To overcome the economic crisis, but also to rationalise political and social alliances, the government inaugurated a new wave of economic opening: the ‘second infitah’. The government’s aim was to substitute working class allegiance, whose degree of support was most likely to decrease, for the massive co-optation of broader parts of the bourgeoisie. The government would make this substitution through the implementation of a more business-friendly environment. Hafez al-Assad inaugurated this change in policy. Law n°10 in 1991 has been his main achievement. The law loosened the legal framework pertaining to foreign investments and guaranteed five-years of tax and customs fees exemptions. This economic opening has been further enacted by Bashar al-Assad, whose aim (as described in the 10th five-year plan of 2005) has been to achieve an economic transition towards a ‘social free-market economy.’

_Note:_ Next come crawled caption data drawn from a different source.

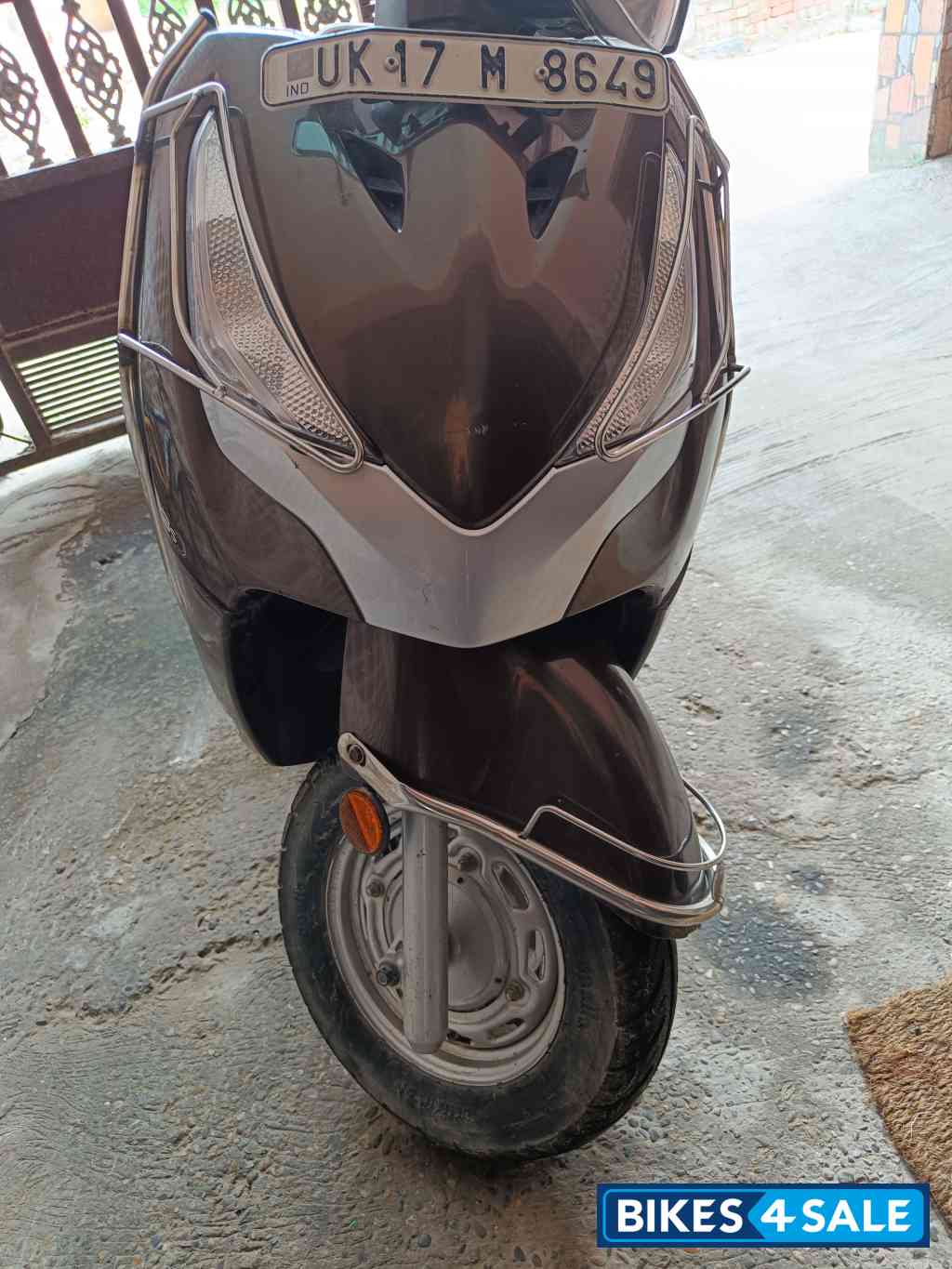 Chestnut Bronze Hero Destini 125 Chestnut Bronze Hero Destini 125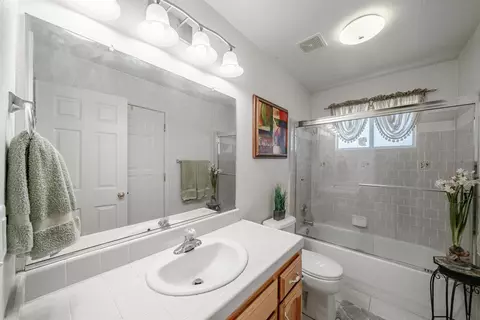 Bath - 16861 Paula Rd, Madera, CA 93636 photo 1 of 6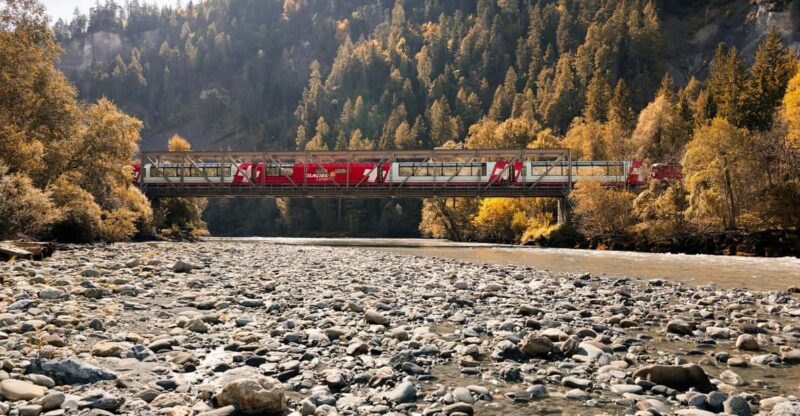Chur/St. Moritz: Glacier Express Between Chur and St. Moritz - Onboard Amenities and Accessibility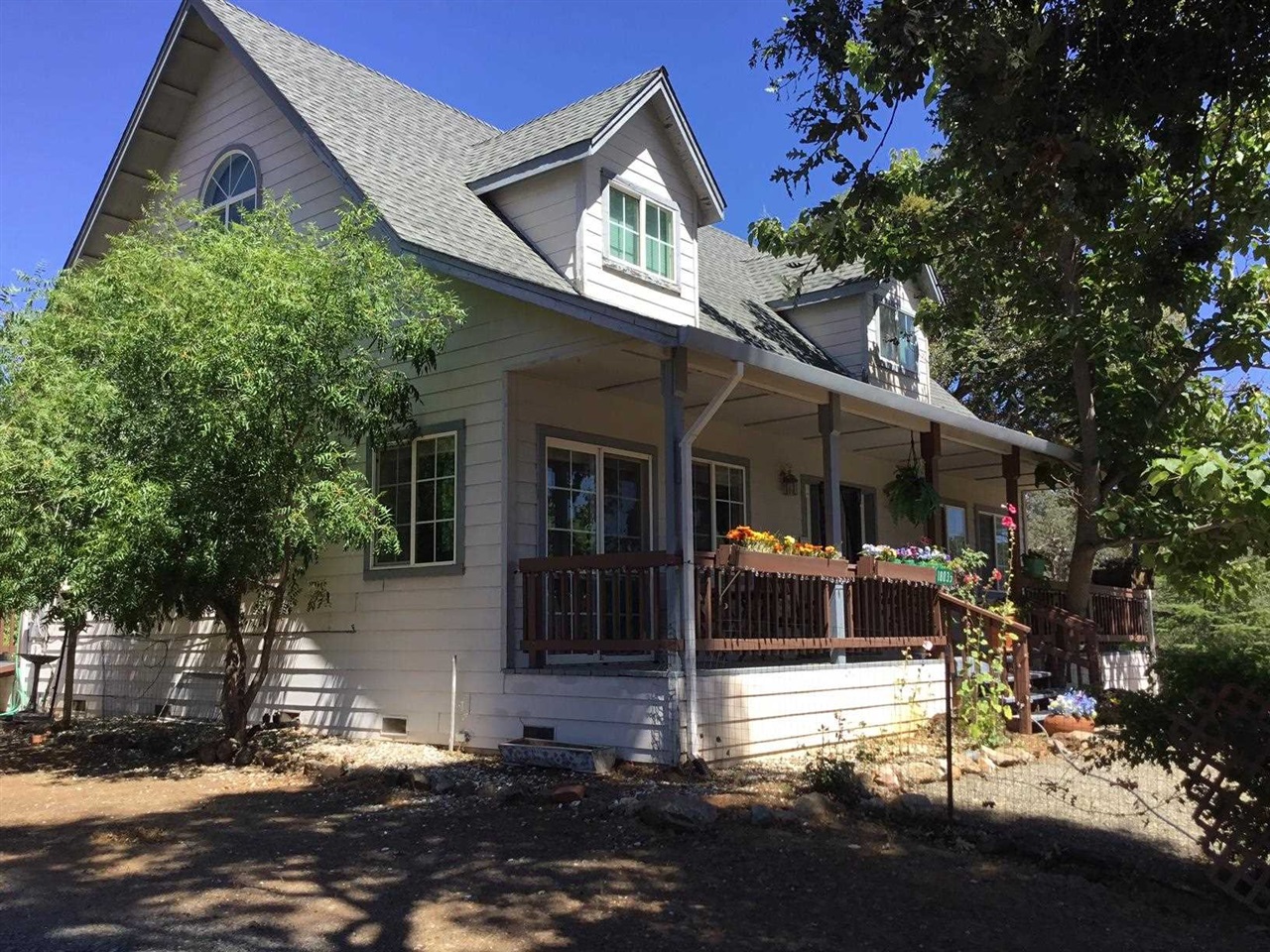Detail Gallery Image 2 of 34 For 16641 Buckhorn Mtn Rd, Sonora,  CA 95370-8241 - – Beds | – Baths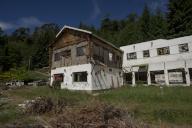 Bariloche 01\/12\/22 Hotel de Parques Nacionales en Mascardi. La ocupacion mapuche que mantenia la comunidad Lafken Winkul Mapu fue desalojada hace 2 meses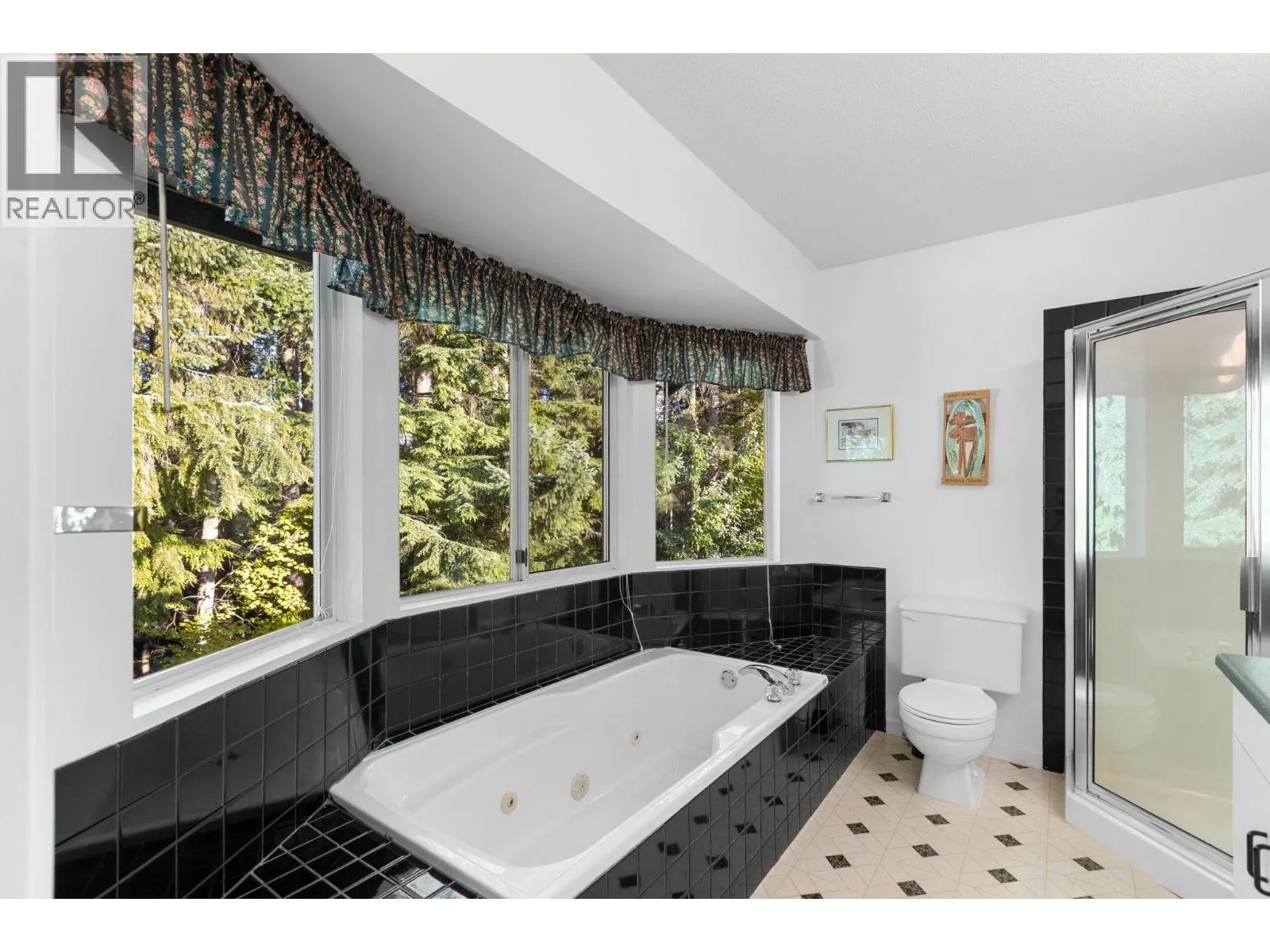 2826 THIMBLEBERRY COURT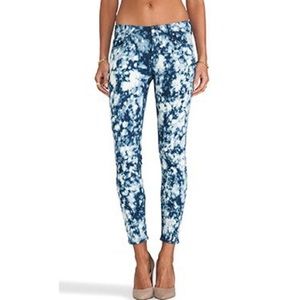 📌 Mother The Looker Ankle in Hot Spot Jean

Bashar al-Assad has subsequently carried out a modernisation of the business-legal framework and continued the process of economic opening begun by his father. The law n°28 of 2001 and the decree n°43 of 2005 ended state monopoly over the banking and the insurance systems respectively. On the other hand, a new fiscal law (2006), a new trade code (2007) and a new law pertaining to corporations transformed the legal framework concerning business. Replacing the Law n°10 of 1991, two decrees, n°8 and n°9, were issued in 2007, easing the procedures for Foreign Direct Investments. On the top of that the decree n°55 (2006) created a stock market, which finally opened in February 2009.
Although this decision to implement economic liberalisation was highly rational on the paper, it has also been very risky. Liberalisation of the economy implies a reduction of the state’s role in the economy, a reduction in the number of civil servants and a decrease in state subsidies. The working classes were then more likely to be threatened by this new economic policy, and the economic liberalisation was likely to accelerate their forecasted alienation.
The Infitah Fuelled Low Classes’ Resentment.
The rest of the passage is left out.